Nick Drewe, founder of money-saving platform Wethrift, has pulled together five simple tips to rescue family budgets. These easy-to-follow strategies can help to offset the National Insurance rise and its effect on your finances in 2022. 

Best of all, Nick’s ideas show that you don’t have to give up on things you enjoy to save some cash. 

1. Book travel tickets early

There’s no need to cancel travel plans to save money, just be more organised. 

Full-time workers on low to average incomes will see a National Insurance rise of £130 – £255 this year. By booking train tickets well in advance, it’s possible for frequent travellers to save more than this amount.

Nick from Wethrift advises booking between one and three months ahead. He explains, “A one-way ticket to London Paddington from Birmingham New Street today would set you back nearly £100, yet the exact same journey 12 weeks from now would cost just £31 if booked today.”

Travelling by rail can be a cheap way to enjoy a day out or visit family – if you plan ahead.

2. Look for discount codes before ordering takeaways

A rise in National Insurance doesn’t mean you have to miss out on your favourite takeaways. By getting into the habit of checking for coupons and vouchers, you can get some really good bargains.

Nick Drewe, a voucher expert at Wethrift, explains where to look for the best discounts:

  • Check your emails for any promotional vouchers that may have been sent following your last order.
  • Before clicking ‘checkout’ on sites like Deliveroo or Just Eat, it’s always worth a search on voucher sites for any discount codes or free delivery incentives.
  • Deliveroo customers have the option to refer a friend, which will secure both of you £10 off your next order.

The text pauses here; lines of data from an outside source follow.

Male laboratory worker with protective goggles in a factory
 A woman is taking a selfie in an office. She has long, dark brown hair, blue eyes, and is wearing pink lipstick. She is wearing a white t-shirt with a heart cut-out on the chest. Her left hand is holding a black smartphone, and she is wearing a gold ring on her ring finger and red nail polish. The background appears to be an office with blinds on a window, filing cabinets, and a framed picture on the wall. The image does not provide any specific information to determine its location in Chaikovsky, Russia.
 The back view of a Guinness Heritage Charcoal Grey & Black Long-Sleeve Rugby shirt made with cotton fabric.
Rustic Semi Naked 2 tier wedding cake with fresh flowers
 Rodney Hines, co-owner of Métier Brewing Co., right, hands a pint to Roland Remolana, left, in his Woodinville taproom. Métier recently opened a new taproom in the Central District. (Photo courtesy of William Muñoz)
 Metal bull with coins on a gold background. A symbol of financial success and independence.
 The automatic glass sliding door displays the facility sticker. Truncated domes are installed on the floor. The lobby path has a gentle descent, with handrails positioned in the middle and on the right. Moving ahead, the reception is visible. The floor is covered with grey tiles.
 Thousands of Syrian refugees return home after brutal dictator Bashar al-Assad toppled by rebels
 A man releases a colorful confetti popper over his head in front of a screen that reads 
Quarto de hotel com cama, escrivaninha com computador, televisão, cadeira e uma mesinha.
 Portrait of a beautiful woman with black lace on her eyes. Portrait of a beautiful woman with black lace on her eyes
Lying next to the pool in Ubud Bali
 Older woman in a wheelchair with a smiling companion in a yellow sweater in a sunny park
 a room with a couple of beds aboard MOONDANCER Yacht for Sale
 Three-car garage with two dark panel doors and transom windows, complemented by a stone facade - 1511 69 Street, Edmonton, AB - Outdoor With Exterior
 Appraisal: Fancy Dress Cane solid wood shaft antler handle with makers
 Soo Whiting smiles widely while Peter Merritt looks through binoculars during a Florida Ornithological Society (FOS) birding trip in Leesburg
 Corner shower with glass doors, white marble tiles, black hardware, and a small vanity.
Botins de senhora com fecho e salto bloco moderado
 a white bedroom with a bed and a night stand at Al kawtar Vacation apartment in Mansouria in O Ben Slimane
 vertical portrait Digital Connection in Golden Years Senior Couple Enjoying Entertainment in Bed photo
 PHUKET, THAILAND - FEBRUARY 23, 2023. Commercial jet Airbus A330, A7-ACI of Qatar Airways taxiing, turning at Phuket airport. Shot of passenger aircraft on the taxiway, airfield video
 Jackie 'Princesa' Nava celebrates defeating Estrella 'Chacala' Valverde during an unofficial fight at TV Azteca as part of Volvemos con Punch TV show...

Other ways to save on takeaways include sharing portions, avoiding drinks and extras, and ordering less often. Or you could try cooking a fakeaway.

Perhaps the rise in National Insurance might lead to a healthier diet!

3. Be smart with your energy bills

Being smart with energy is going to be very important this year with costs rising alongside National Insurance. Many of us don’t really look at our energy bills in detail or understand the small print.

Nick from Wethrift explains why understanding energy bills can make a difference. He says, “Some energy suppliers have been known to either make changes to tariffs or make mistakes when charging customers, so it’s always a good idea to check your regular household bills.

“Whilst there are often a lot of terms and conditions to read, attempting to understand the information related to your energy tariff and household consumption could help you keep the costs of your bills down.”

The Energy Saving Trust has some great advice about how to save money on your energy bills. In fact, it’s possible to more than cover the National Insurance rise with just a few simple adjustments to energy consumption. 

4. Time your supermarket trips wisely

If you really need to save money, visit your local supermarket at the right time. It’s possible to purchase discounted items that have to be sold that day.

According to Nick from Wethrift, “Supermarket workers will start discounting products that are about to pass their sell-by-date later on in the afternoon or early evening, so a food shop after work is the perfect time to grab a bargain.” Nick advises stocking up your freezer with reduced items so they don’t go to waste. 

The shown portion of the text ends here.